> Task item
Go to the line holding "Meerkat dinosaur brontosaurus" in the data below and repeat it exactly, then each line after it up to and including the one holding "-福照楼汽锅鸡·云南菜(火车站锦江店)". Omit pictures.

Data listing section start

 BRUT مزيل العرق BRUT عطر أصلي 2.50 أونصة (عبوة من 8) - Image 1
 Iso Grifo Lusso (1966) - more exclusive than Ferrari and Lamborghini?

Data listing section end
Data listing section start

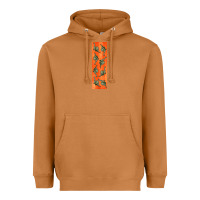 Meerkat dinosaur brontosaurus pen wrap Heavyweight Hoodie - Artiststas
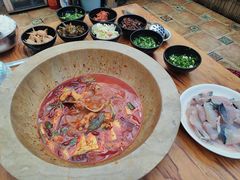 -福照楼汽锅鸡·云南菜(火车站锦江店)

Data listing section end

> Task response
 Meerkat dinosaur brontosaurus pen wrap Heavyweight Hoodie - Artiststas
 -福照楼汽锅鸡·云南菜(火车站锦江店)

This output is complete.